Selasa, 09 Oktober 2012

Acara Adat Pernikahan Batak Toba

Pada umumnya sepasang kekasih yang sudah saling mengenal dan cocok satu sama lain ingin melanjutkan hubungannya ke tahap yang berikutnya. Tahap tersebut yaitu pernikahan. Pernikahan adalah dambaan setiap pasangan kekasih yang sudah serius dalam menjalani hubungan. Menikah ialah dimana sepasang kekasih saling mengucap janji suci untuk mengikarkan hubungan mereka kedalam sebuah rumah tangga yang akan mereka jalani untuk kedepannya.
            Pernikahan pada umumnya dilakukan secara agama, kemudian dapat dirayakan juga dengan perayaan pesta resepsi pernikahan. Berbagai macam resepsi pernikahan yang ada di dunia ini. Di Indonesia sendiri karena terdapat banyak sekali adat suku dan budaya maka terdapat berbagai macam acara adat pernikahan. Artikel kali ini akan membahas tentang adat pernikahan Batak Toba yang telah dirangkum dari berbagai sumber. Berikut tata cara pernikahan adat batak toba :
A.   Marsibuhai – buhai
Ini adalah langkah awal dalam acara pernikahan adat batak. Pagi hari sebelum dimulai pemberkatan/ catatan sipil/ pesta adat, acara dimulai dengan penjemputan mempelai wanita di rumah disertai dengan makan pagi bersama dan berdoa untuk kelangsungan pesta pernikahan, biasanya disini ada penyerahan bunga oleh mempelai pria dan pemasangan bunga oleh mempelai wanita dilanjutkan dengan penyerahan Tudu-tudu Ni Sipanganon dan Menyerahkan dengke lalu makan bersama, selanjutmya berangkat menuju tempat pemberkatan pernikahan sang mempelai.

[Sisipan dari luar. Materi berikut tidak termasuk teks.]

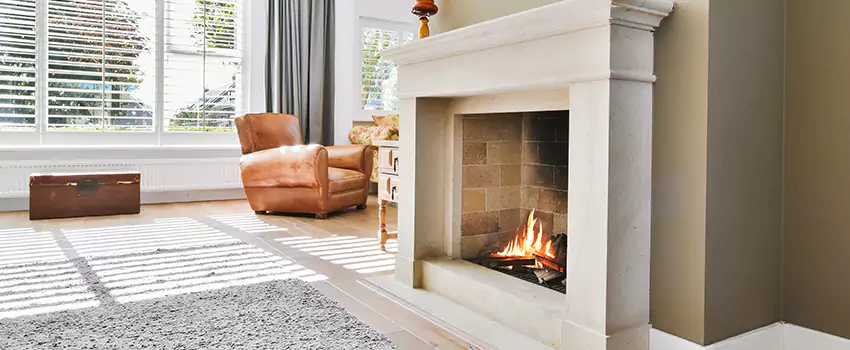 Vintage Fireplace Refacing in Dickinson, North Dakota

Dalam adat batak ada beberapa sebutan atau istilah batak :
  1. Suhut, kedua pihak yang punya hajatan
  2. Parboru, orang tua  pengenten perempuan=Bona ni haushuton
  3. Paranak, orang tua  pengenten Pria= Suhut Bolon.
  4. Suhut Bolahan amak: Suhut yang menjadi tuan rumah dimana acara adat di selenggrakan.

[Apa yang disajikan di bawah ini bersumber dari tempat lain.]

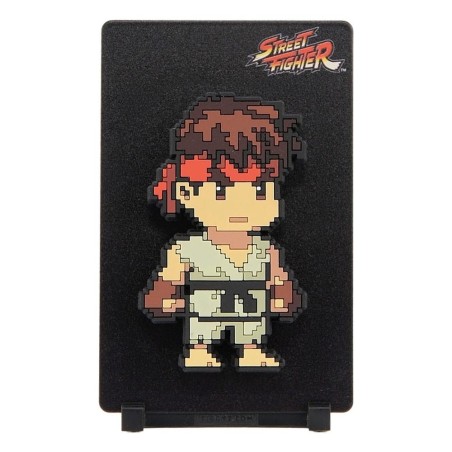 Street Fighter - 2 FiGGYZ Magnet Collectible Ryu 11 cm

  5. Suhut naniambangan, suhut yang datang.
  6. Hula-hula, saudara laki-laki dari isteri masing-masing suhut.
  7. Dongan Tubu, semua saudara laki masing-masing suhut.

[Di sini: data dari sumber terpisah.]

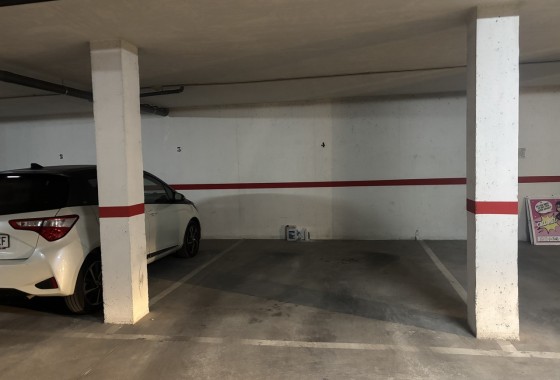 Herverkoop - Appartement / Flat -
Pilar de la Horadada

  8. Boru, semua yang isterinya semarga dengan marga kedua suhut.
  9. Dongan sahuta, arti harafiah “teman sekampung” semua yang tinggal dalam huta/ kampung komunitas (daerah tertentu)  yang sama paradaton/ solupnya.
  10. Ale-ale, sahabat yang diundang bukan berdasarkan garis persaudaraan (kekerabatan atau silsilah).
  11. Uduran, rombongan masing-masing suhut, maupun rombongan masing-masing hula-hulanya.
  12. Raja Parhata (RP), Protokol (PR) atau Juru Bicara (JB) masing-masing suhut, juru bicara yang ditetapkan masing-masng pihak.
  13. Namargoar, Tanda Makanan Adat , bagian-bagian tubuh hewan yang dipotong yang menandakan makanan adat itu adalah dari satu hewan (lembu/ kerbau) yang utuh, yang nantinya dibagikan.
  14. Jambar, namargoar yang  dibagikan kepada yang berhak, sebagai legitimasi dan fungsi keberadaannya dalan acara adat itu.
  15. Dalihan Na Tolu (DNT), terjemahan harafiah”Tungku Nan Tiga” satu sistim kekerabatan dan way of life masyarakat Adat Batak.
  16. Solup, takaran beras dari bambu yang dipakai sebagai analogi paradaton, yang bermakna dihuta imana acara adat batak diadakan solup/paradaton dari huta itulah yang dipakai sebagai rujukan, atau disebut dengan hukum tradisi “sidapot solup do na ro".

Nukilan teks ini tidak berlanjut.